(Un)arranged Marriage Read online

Page 15


  ‘Yes, of course I will.’ I wiped yet more sweat away from my forehead and felt a fly come away onto my hand: one thing that I was definitely not going to miss.

  ‘Will you send me some photos, the ones that you have taken with your camera?’

  ‘Yes, Uncle-ji, I promise.’

  ‘Good. Good. I do not have any photographs of my family,’ he said.

  I remembered going to the open courtyard and two-roomed shack that his family lived in. I had taken photos of his wife, Naseebo, and their kids, and some of his own father, who was bent over with old age and had wispy tufts of white hair growing in patches on his head, his eyes clouded over with cataracts like smudged grey chalk on a blackboard. They had all stood to attention when I took the pictures, really formal poses and serious faces. Uncle Jag told me that they posed like that because they saw having a photograph taken as something important and that they were trying to make a good impression on anyone in England who might see them. Apparently they thought that those stiff, formal poses were what were expected.
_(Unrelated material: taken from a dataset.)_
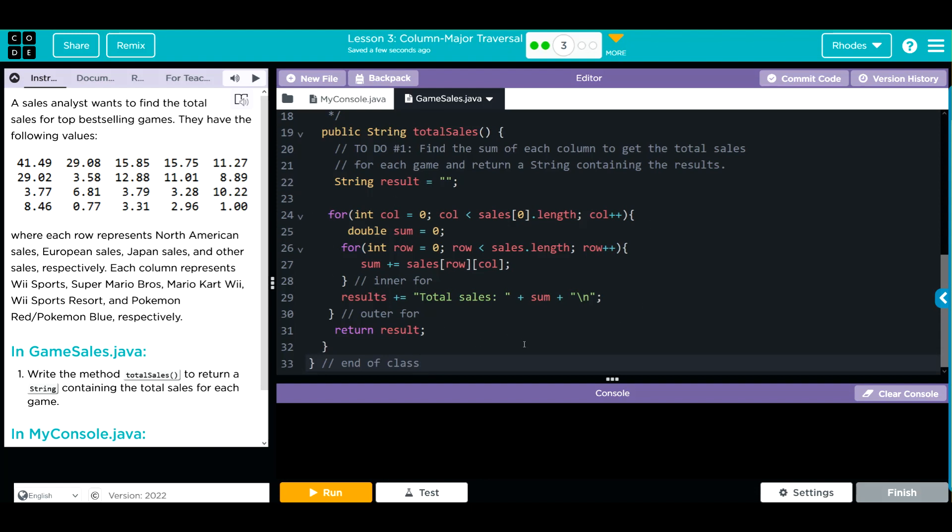This method should go through each column. At the end of each column it'll get a sum, return that to our variable. As we go through the column it's just adding each item to the next. And then we're just returning the results, which are the total sales of sum.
  ‘We have never had a camera in our family,’ said Mohan, Breaking my thoughts. ‘We are just poor people.’

  He spoke with an air of resignation. It wasn’t like he was trying to make me feel sorry for him, so that I would give him something. He said it in a matter of fact way as if he believed that he could never change anything. I had already decided to leave him my camera and the couple of rolls of film that I hadn’t used up. I mean, it was no skin to me – the camera wasn’t even mine. And to tell you the truth, being in India had made me think about all the things that I took for granted. I looked down at my mashed-up trainers and decided that I was lucky to have them at all, never mind the ability to buy a new pair if I wanted to. Most people in India had nothing. They wore the same clothes until they fell off and made do with basic food, basic everything. In Adumpur there were a few rich families, with cars and big houses – stuff bought with money that their fathers and grandfathers had earned in England and America and Dubai and Saudi Arabia. But most of the people were poor. I could get another camera anytime I wanted. The camera meant ten times as much in Mohan’s world as it did in mine. That was one of the best lessons I took from my time in India. Making relative comparisons, Uncle Jag had called it.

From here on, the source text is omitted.